Reading HTTP headers: request, response and what they control
How HTTP headers frame every request and response, why direction matters, and how caching, CORS and security headers change real behavior.
Headers are the metadata around every message
An HTTP exchange is more than a URL and a body. Before the body, both the client and the server send a block of headers, which are simple name and value lines that describe the message. A request carries headers like Host, Accept and User-Agent to say what is wanted and who is asking, while a response answers with headers like Content-Type, Content-Length and Server to describe what is coming back. Reading these lines is often the fastest way to understand why a page loaded, redirected or failed.
Why direction matters
Every header has a direction, and getting it wrong is a common source of confusion. Accept, Cookie and Authorization only make sense as request headers set by the client, whereas Set-Cookie, ETag and Location belong on the response. A handful, including Content-Type, Cache-Control and Connection, are legitimately used in both directions, which is why the reference marks them both. The Direction menu above exists so you can filter to just the side you are working on and avoid setting a response-only header on an outgoing request.

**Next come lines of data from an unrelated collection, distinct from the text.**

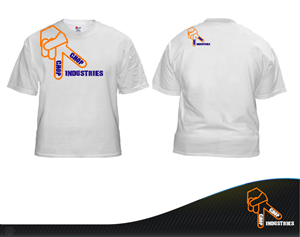 T-shirt Design by dwross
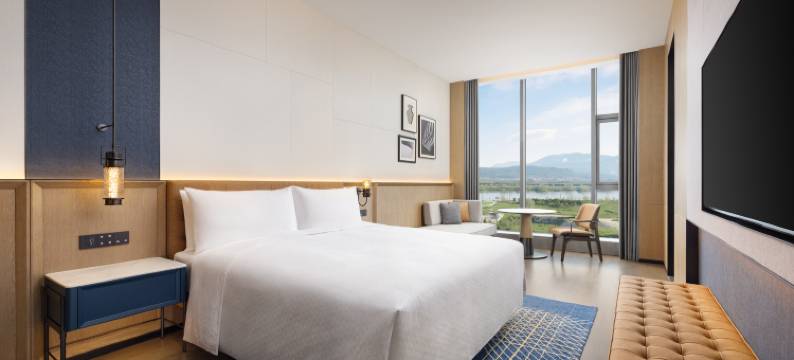 汉中滨江福朋喜来登酒店图片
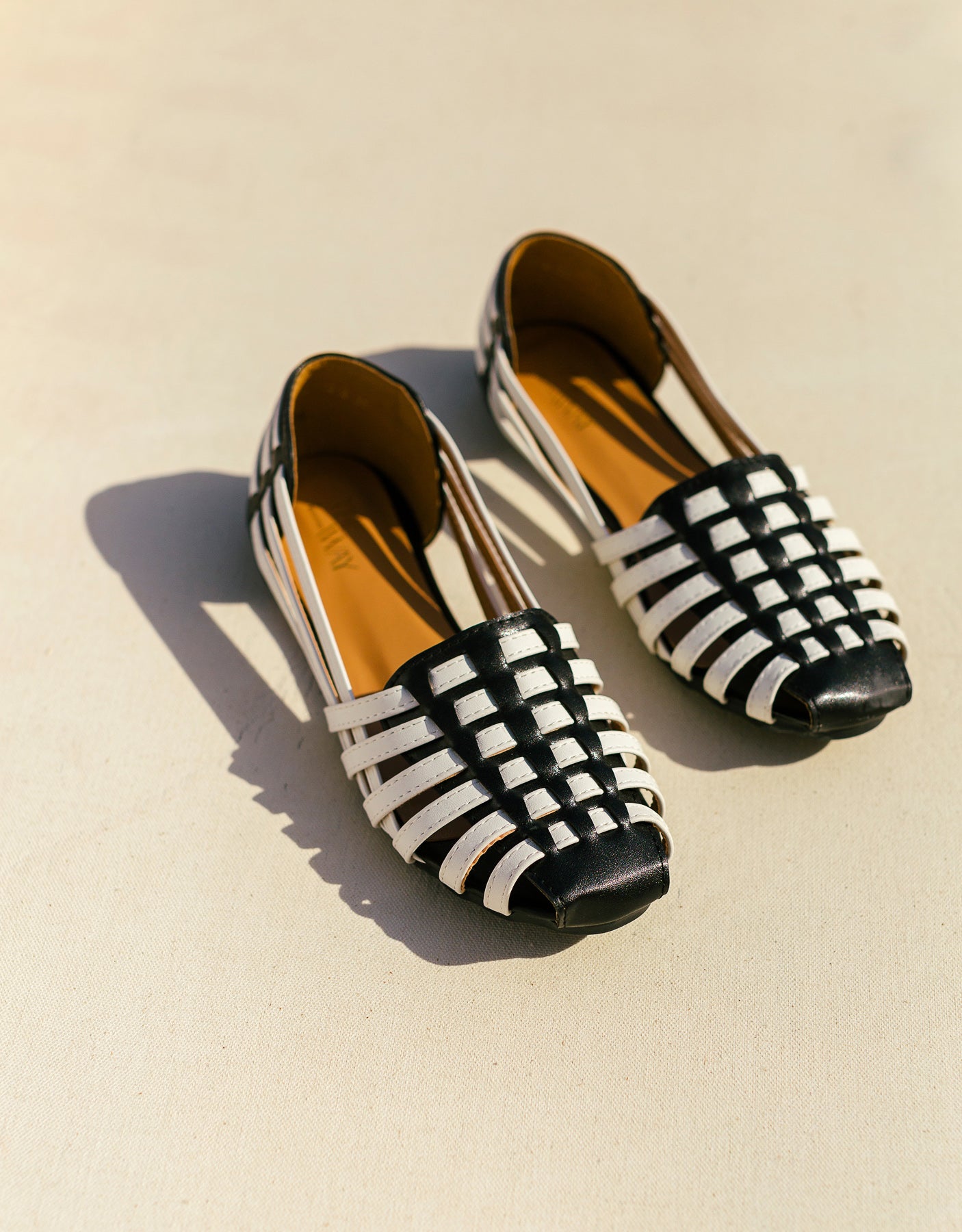 Beechtree - Woven Leather Shoes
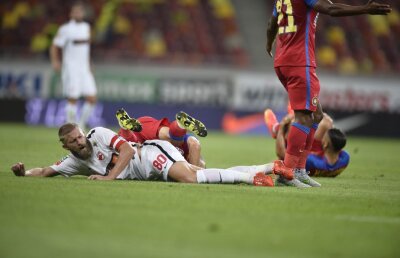 Sabău are o previziune sumbră pentru Dinamo-Steaua: "Cine să facă spectacol?"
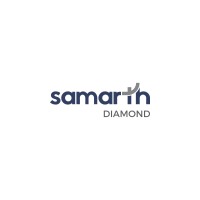 Samarth Diamond Logo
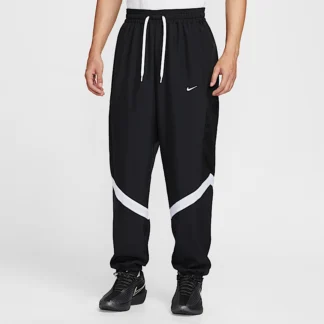 NIKE アイコン — メンズ ウーブン バスケットボールパンツ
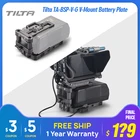 Tilta TA-BSP-V-G V-Mount Аккумулятор для BlackMagic Pocket BMPCC 4K аксессуары для камеры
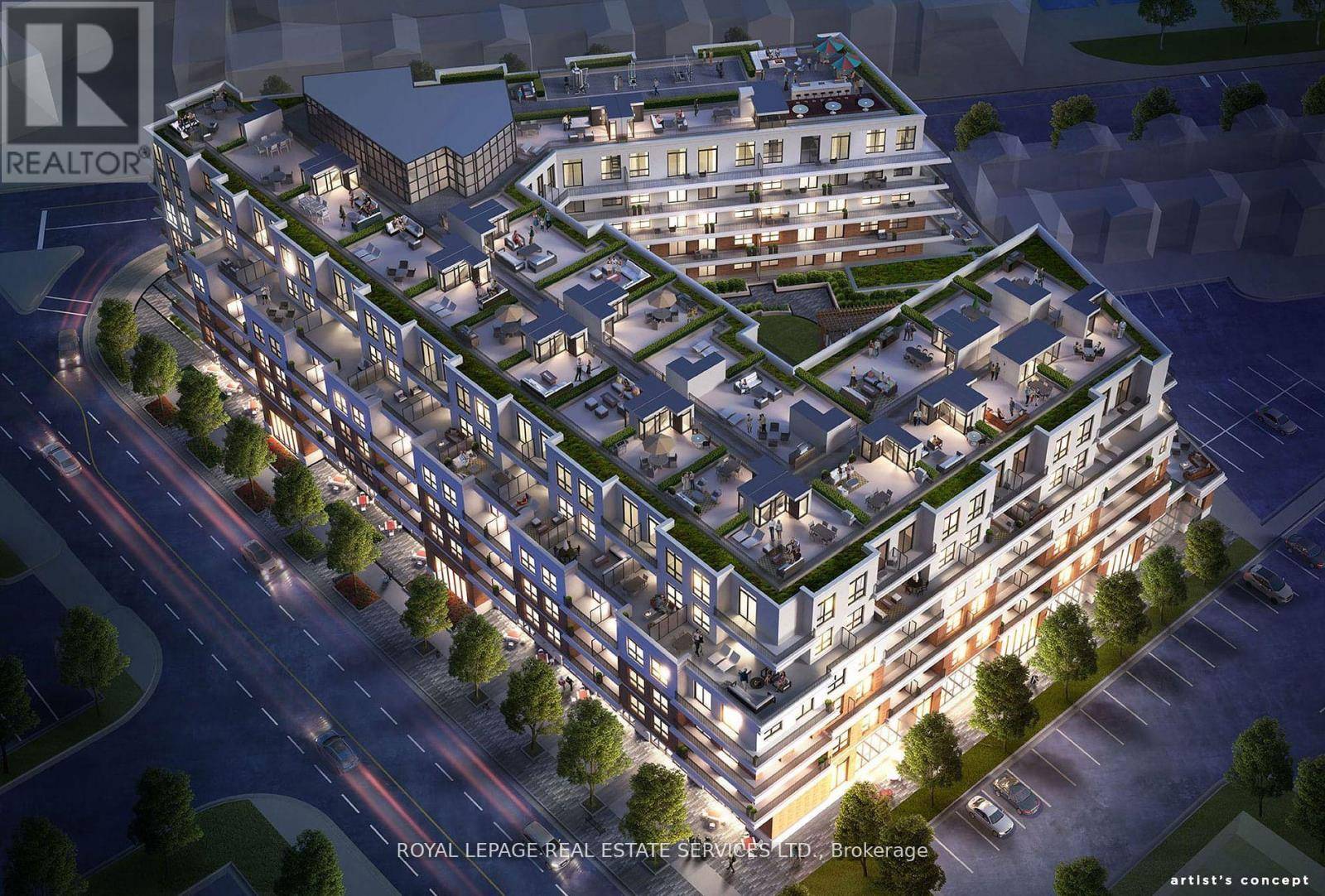 Oakville (br Bronte), ON L6L1H7,2432 Lakeshore RD West #2
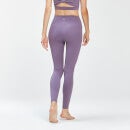Damskie legginsy z kolekcji MP Composure – Smokey Purple - XS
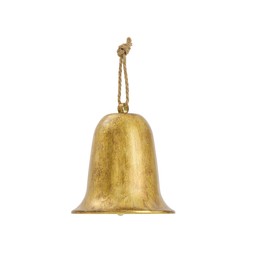 Habitat Giant Gold Bell, £5, 7558957 1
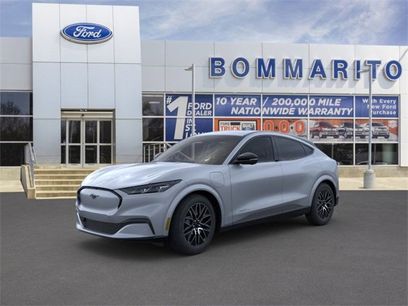 New 2025 Ford Mustang Mach-E Premium w/ Interior Protection Package
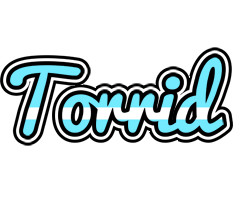 Torrid argentine logo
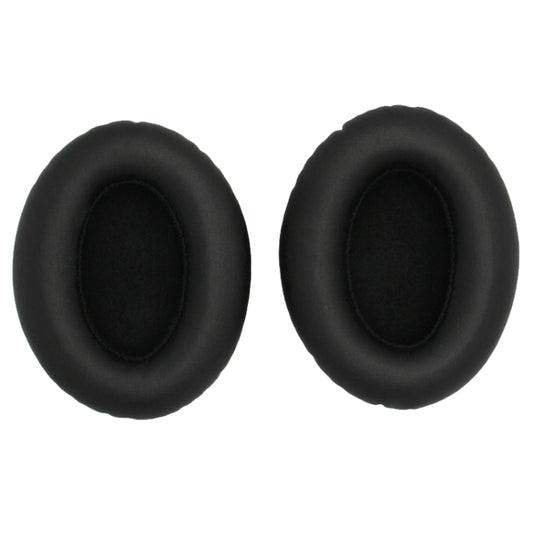 2 PCS Leather Cover Headphone Protective Cover Earmuffs For Edifier H850 - Earmuff & Pad by buy2fix | Online Shopping UK | buy2fix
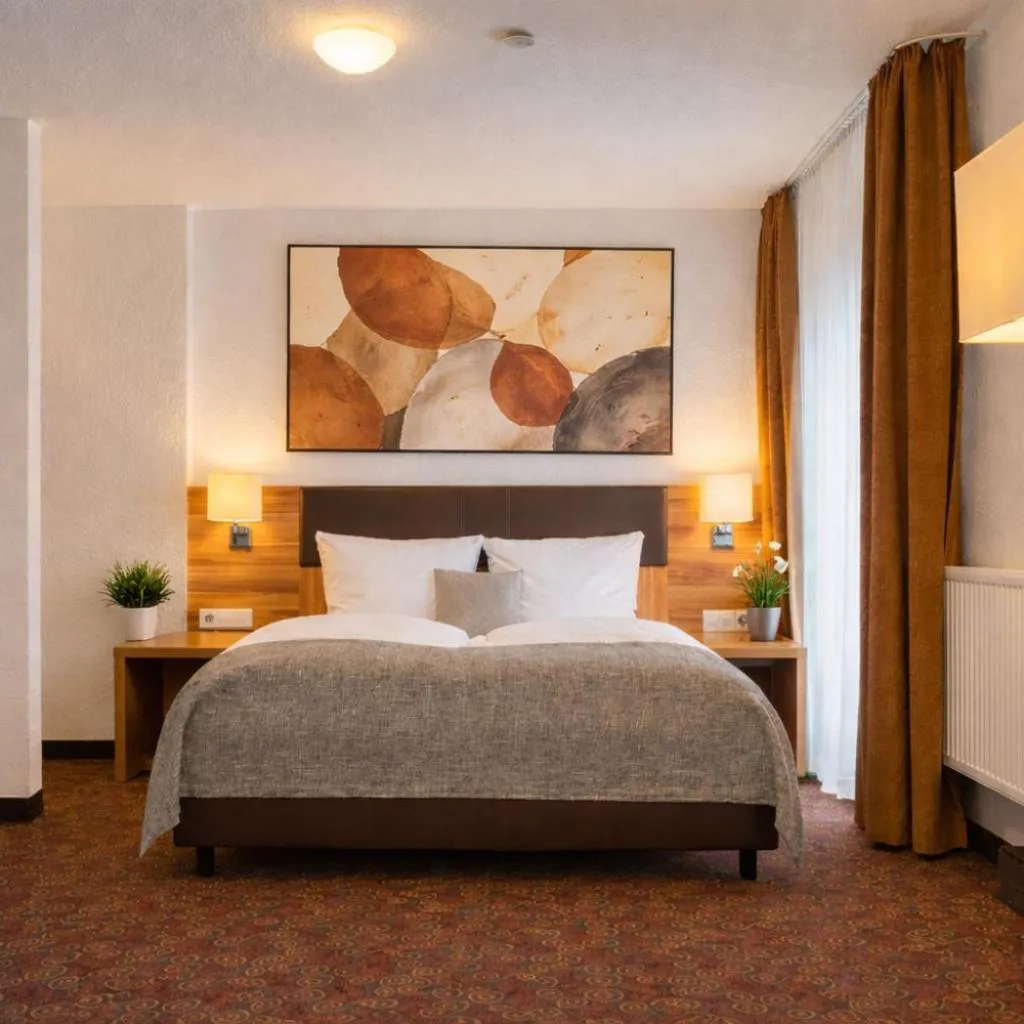 Photograph of Sautter Hotel Stuttgart City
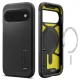 Spigen Tough Armor Mag MagSafe dėklas Google Pixel 11, juodas
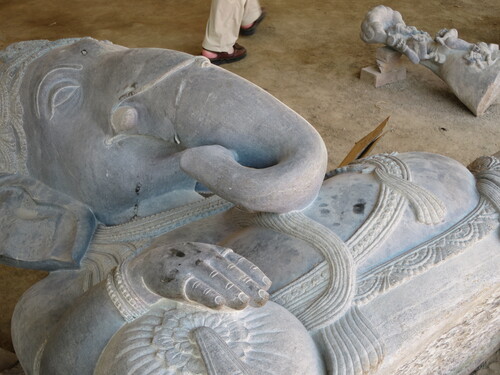 Mahabalipuram le village des sculpteurs en Inde du Sud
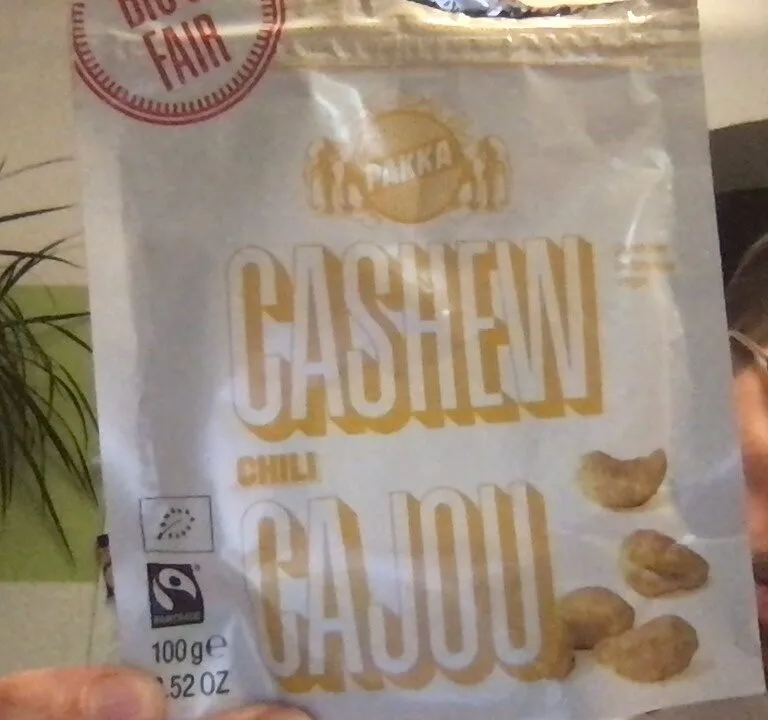 Chili Cashew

Caching and conditional requests
Caching headers decide whether a browser or proxy can reuse a response instead of fetching it again. Cache-Control sets the policy, Expires gives an absolute deadline, and ETag and Last-Modified act as validators. On the next visit the client sends If-None-Match or If-Modified-Since, and if nothing changed the server replies 304 Not Modified with no body, saving bandwidth. The Age and Vary headers round this out by reporting how long a shared cache has held an object and which request headers change which response is stored.
Security and cross-origin headers
A modern site leans on response headers to defend itself. Strict-Transport-Security forces future visits onto HTTPS, Content-Security-Policy restricts where scripts and images may load from to blunt cross-site scripting, and X-Frame-Options blocks framing to stop clickjacking. Cross-origin behavior is governed separately by the Access-Control family, which lets a server declare which other origins may read its responses. Copying a correct example from the table is a quick way to start from a known-good value before you tailor it to your own domain.